>If you have time, please look into any of Ethernet driver.
>There you will be able to see that certain device registers
>give you an indication of TX status. I want to know if that
>status is OK or not. Nothing more.
Agreed -- all of the Ethernet controllers I've seen made that
information available. The problem is that it's extremely
difficult (with current stack/driver designs) to get that
status info back up to the application. At the point where the
Tx failure status is known, the driver typically doesn't know
to whom the failed packet belongs.
[...]
Quote:>>Since there is no difference between a frame being transmitted
>>and not received and a frame not being transmitted, then you
>The difference is the status provided by Ethernet controller on
>TX_DONE interrupt.
Right, but in either case, an application has to do the same
thing. If the action taken by the app is the same for two
cases, then it can be argued that it's not required that the
appliction know which case occured, only that one of them
occured.
Quote:>>anything. ACKs could still get lost even thought he Ethernet
>>board thinks they've been transmitted. Your protocol has to
>>deal with that.
>Totally agree. It has to, but surely it does not.
That's too bad.
Quote:>Anyway I do not care about that protocol. I did not design it.

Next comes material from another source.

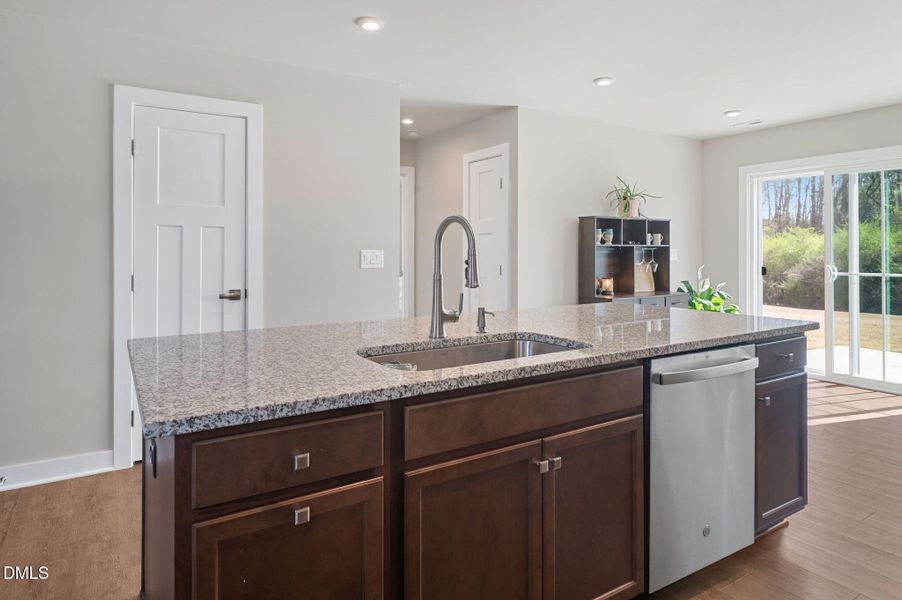 173 S Breeze Wy--Fuquay-Varina, NC 27526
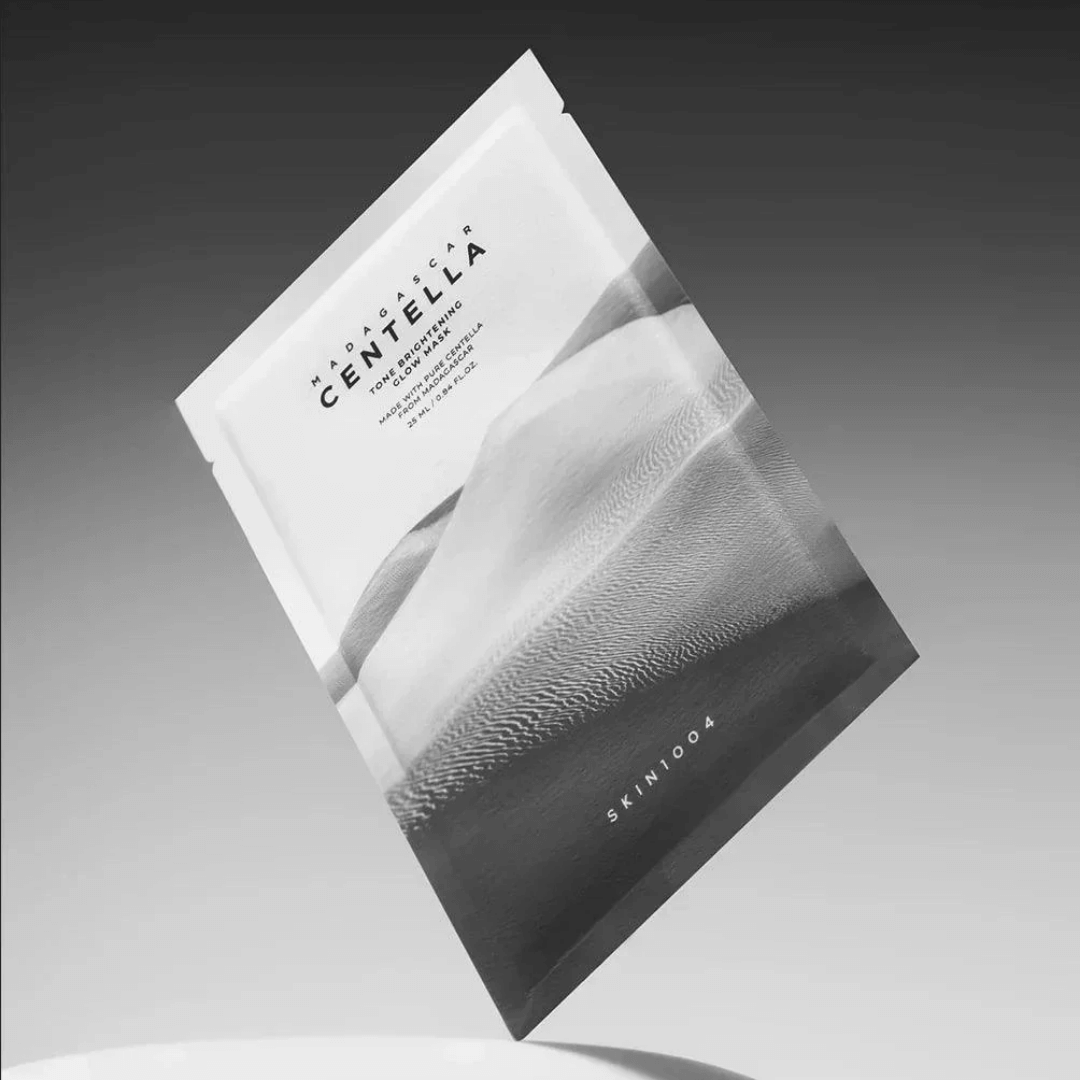 Sheet mask coreana con extracto de centella de Madagascar y activos iluminadores que ayudan a mejorar la apariencia de manchas y piel opaca.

>But I just want to distinguish two situations: packet is not
>sent because cable is removed from TP socket or broken; or
>packet is sent but get lost somewhere in hubs.
That information could, in theory, be passed back up to the
application, but it's a pretty * problem. The send() or
write() syscall returns as soon as the information has been
queued for transmit. At some point later in time, the Ethernet
driver notices that a transmit failed. Now there are two
problems:
1) The ethernet driver doesn't know who requested the packet
be sent.
2) If it did, there isn't a well-defined way (other than a
signal) to inform an application of an asynchronous error
like that.
Quote:>In addition it would be nice to get to know how many collisions
>had been detected before packet is sent.
If you just want to query the state of the interface, that's a
considerably easier problem. Doing a cat on /proc/dev/net
shows fields for both collisions and carrier-faults (among
other things).
I don't know if there is a more direct API to get that info,
but open() and read() on /proc/net/dev/ should get you that
info.
--
Grant Edwards grante Yow! Bo Derek ruined
at my life!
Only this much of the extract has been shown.